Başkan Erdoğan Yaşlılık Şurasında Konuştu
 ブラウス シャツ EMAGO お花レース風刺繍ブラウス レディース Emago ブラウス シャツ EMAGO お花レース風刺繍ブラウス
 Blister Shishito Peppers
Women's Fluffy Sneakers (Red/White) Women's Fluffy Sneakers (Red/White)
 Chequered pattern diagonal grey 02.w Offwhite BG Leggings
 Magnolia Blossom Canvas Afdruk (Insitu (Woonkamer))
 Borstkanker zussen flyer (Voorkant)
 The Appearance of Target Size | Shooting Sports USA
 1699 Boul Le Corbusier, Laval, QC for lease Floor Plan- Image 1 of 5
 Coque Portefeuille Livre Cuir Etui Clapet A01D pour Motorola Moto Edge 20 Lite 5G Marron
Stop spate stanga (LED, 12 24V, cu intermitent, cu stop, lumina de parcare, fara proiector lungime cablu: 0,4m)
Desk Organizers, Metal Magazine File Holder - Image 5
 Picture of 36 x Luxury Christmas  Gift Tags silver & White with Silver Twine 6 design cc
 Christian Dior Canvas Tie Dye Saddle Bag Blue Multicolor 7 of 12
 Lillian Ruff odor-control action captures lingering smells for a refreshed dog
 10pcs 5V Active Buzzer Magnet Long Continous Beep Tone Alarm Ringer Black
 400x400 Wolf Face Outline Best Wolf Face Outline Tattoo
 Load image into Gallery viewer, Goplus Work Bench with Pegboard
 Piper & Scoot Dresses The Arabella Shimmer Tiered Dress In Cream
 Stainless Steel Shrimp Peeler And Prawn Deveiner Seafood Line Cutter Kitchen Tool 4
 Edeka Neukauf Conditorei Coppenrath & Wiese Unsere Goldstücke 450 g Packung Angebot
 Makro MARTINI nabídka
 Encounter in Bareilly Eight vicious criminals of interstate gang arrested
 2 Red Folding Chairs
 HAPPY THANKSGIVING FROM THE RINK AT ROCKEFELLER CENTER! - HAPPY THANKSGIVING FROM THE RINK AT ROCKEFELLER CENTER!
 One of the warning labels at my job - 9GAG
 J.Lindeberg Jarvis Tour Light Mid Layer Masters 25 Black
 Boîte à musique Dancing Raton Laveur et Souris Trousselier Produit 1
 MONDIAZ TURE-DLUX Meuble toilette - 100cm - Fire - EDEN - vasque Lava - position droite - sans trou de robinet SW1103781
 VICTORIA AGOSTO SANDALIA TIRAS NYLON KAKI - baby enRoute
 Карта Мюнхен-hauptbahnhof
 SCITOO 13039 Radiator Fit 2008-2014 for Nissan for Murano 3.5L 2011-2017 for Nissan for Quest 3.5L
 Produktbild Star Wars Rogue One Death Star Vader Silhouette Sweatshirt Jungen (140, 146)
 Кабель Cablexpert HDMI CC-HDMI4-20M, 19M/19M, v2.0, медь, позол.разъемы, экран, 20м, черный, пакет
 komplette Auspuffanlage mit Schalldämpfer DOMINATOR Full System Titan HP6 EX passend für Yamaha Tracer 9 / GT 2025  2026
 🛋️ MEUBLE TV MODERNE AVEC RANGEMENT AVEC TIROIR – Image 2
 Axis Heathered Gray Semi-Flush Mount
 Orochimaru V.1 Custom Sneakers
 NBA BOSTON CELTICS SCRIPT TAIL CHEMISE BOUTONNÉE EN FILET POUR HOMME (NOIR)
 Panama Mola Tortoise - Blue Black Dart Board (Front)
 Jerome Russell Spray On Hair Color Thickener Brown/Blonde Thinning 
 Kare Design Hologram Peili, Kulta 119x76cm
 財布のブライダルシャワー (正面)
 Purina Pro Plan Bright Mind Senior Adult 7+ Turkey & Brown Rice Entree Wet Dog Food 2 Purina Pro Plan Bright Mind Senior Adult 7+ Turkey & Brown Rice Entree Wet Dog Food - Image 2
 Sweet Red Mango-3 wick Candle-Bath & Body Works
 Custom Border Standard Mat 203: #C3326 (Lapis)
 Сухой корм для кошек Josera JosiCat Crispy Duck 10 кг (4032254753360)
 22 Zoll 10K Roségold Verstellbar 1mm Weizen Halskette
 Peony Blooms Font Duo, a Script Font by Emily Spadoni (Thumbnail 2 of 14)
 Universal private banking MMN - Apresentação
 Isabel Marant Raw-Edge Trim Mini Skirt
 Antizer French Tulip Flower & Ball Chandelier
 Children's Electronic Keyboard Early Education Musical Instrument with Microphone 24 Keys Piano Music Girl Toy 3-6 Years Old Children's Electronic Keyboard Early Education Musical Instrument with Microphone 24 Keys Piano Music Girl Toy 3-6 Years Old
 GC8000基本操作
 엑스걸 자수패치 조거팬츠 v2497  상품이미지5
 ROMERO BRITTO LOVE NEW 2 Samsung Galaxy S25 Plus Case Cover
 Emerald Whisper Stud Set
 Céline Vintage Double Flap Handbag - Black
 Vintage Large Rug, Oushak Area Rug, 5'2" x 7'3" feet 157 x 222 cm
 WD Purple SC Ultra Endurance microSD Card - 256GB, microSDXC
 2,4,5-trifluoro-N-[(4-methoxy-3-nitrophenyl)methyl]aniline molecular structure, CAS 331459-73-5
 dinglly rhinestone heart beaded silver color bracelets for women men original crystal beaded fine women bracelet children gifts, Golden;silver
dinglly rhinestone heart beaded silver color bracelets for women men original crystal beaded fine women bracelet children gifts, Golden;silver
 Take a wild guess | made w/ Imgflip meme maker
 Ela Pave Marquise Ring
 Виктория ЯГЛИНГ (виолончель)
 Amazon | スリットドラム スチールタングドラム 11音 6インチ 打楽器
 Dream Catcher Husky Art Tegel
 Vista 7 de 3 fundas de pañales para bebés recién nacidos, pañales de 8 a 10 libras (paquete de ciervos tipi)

==========

◆ **ABOUT THIS TASK**
From the material above, set down exactly the lines starting at the one with "Jerome Russell Spray" and ending at the one with "Sweet Red Mango-3", end lines included.

◆ **YOUR SOLUTION**
 Jerome Russell Spray On Hair Color Thickener Brown/Blonde Thinning 
 Kare Design Hologram Peili, Kulta 119x76cm
 財布のブライダルシャワー (正面)
 Purina Pro Plan Bright Mind Senior Adult 7+ Turkey & Brown Rice Entree Wet Dog Food 2 Purina Pro Plan Bright Mind Senior Adult 7+ Turkey & Brown Rice Entree Wet Dog Food - Image 2
 Sweet Red Mango-3 wick Candle-Bath & Body Works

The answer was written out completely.